For agent workflows, this means you can’t keep a persistent connection to a streaming LLM API across checkpoints. Each tool call or LLM request must be a discrete await. Reconnecting after every await adds latency overhead. If your agent workflow involves 10+ sequential tool calls, this pattern can add latency per step. For latency-critical agents, consider batching tool calls or using Temporal’s activity-level granularity instead.

Self-Hosting vs. Managed Cloud

Trigger.dev offers both. The managed cloud handles worker scaling, Postgres backups, and dashboard hosting. Self-hosting requires:

Postgres (for task state and queue)
Redis (for distributed locks and caching)
Docker or Kubernetes (for worker containers)
Object storage (for large payloads or logs)

The open-source version includes the full runtime and dashboard. You lose automatic scaling and managed observability, but you control data residency and avoid vendor lock-in.

For agent projects with sensitive data (healthcare, finance), self-hosting lets you keep LLM prompts and tool outputs inside your VPC.

Technical Verdict

Use Trigger.dev when:

Your agent calls a search API, gets a 429 rate limit, and you want to retry only that tool call without re-running the LLM reasoning loop that preceded it, preserving the LLM output across retries via per-await checkpoints.
You need human-in-the-loop approval workflows where an agent pauses for hours or days (e.g., waiting for a compliance officer to approve a financial transaction) without losing the conversation context or tool-call history.
Your tasks run longer than serverless timeouts (15 minutes) but complete within hours, not weeks. Examples: document processing pipelines, multi-step research agents, batch data enrichment.
You want built-in observability without stitching together CloudWatch logs. The dashboard shows which step failed, what the LLM returned, and how many retries occurred.
Your team already writes TypeScript and doesn’t need polyglot support. You avoid the operational overhead of running a Temporal cluster (6+ services, JVM tuning, event-history pruning).

Avoid Trigger.dev when:

Your agent orchestrates 15+ sequential tool calls (e.g., multi-hop research with web search, document retrieval, summarization, fact-checking). Reconnecting to the database or LLM API after each await adds latency overhead that compounds across steps. Temporal’s activity batching or serverless SQS with Lambda may be faster for high-frequency tool-calling patterns.
You need to replay historical workflows with updated code. If you fix a bug in step 3 and want to reprocess all in-flight tasks with the new logic, Temporal’s event sourcing handles this because it stores discrete events rather than serialized execution state. Trigger.dev checkpoints serialize the execution context, so code changes only affect new tasks.
Your tasks require languages other than TypeScript (Go, Python, Java). Temporal supports polyglot workflows.
Your state includes non-serializable objects (open database connections, class instances with methods, WebSocket handles). You’ll spend time refactoring to reconnect after every checkpoint.
You need sub-second task latency. Worker polling adds overhead, and reconnection patterns compound this. If your agent must respond in under 500ms, consider in-memory state with Redis or a custom event loop.

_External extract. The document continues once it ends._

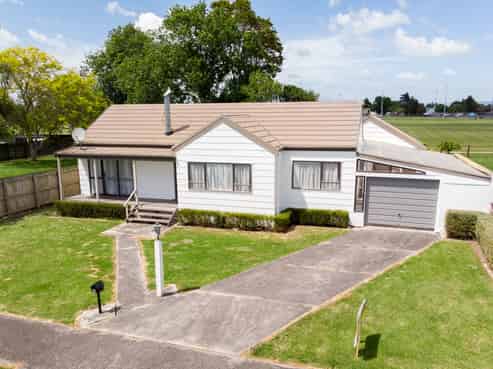 29 Mahana Road, Ngatea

For multi-step agent workflows requiring tool-call retries and human-in-the-loop pauses, Trigger.dev’s per-step checkpointing outperforms serverless queues but trades replay flexibility for TypeScript simplicity. If your agent needs to call 10 tools, wait for human approval, and resume hours later without losing state, this is the plumbing you need. Just watch for latency creep in high-frequency tool-calling patterns.